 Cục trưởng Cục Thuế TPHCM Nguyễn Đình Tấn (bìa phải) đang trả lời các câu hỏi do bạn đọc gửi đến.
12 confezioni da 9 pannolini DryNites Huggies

▬▬▬▬▬▬

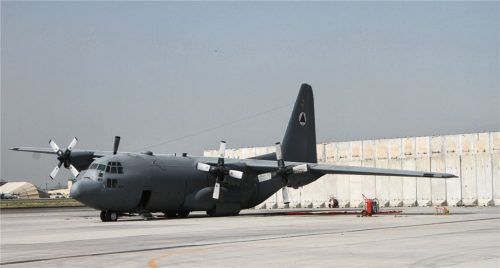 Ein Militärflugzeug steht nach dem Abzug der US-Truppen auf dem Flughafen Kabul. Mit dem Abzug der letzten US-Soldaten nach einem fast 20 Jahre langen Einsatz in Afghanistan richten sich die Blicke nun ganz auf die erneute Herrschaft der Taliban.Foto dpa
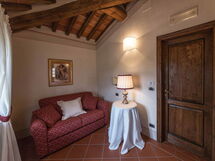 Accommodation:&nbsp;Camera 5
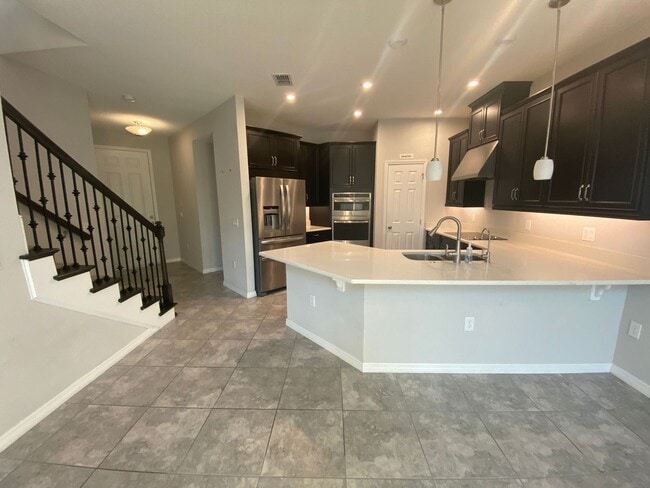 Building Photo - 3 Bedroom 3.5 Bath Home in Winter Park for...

▬▬▬▬▬▬

Out of the material above, output word for word the line with "Cục trưởng Cục", the line with "12 confezioni da 9 pannolini DryNites Huggies", and all lines between them, with nothing else.

## EXPECTED OUTPUT
 Cục trưởng Cục Thuế TPHCM Nguyễn Đình Tấn (bìa phải) đang trả lời các câu hỏi do bạn đọc gửi đến.
12 confezioni da 9 pannolini DryNites Huggies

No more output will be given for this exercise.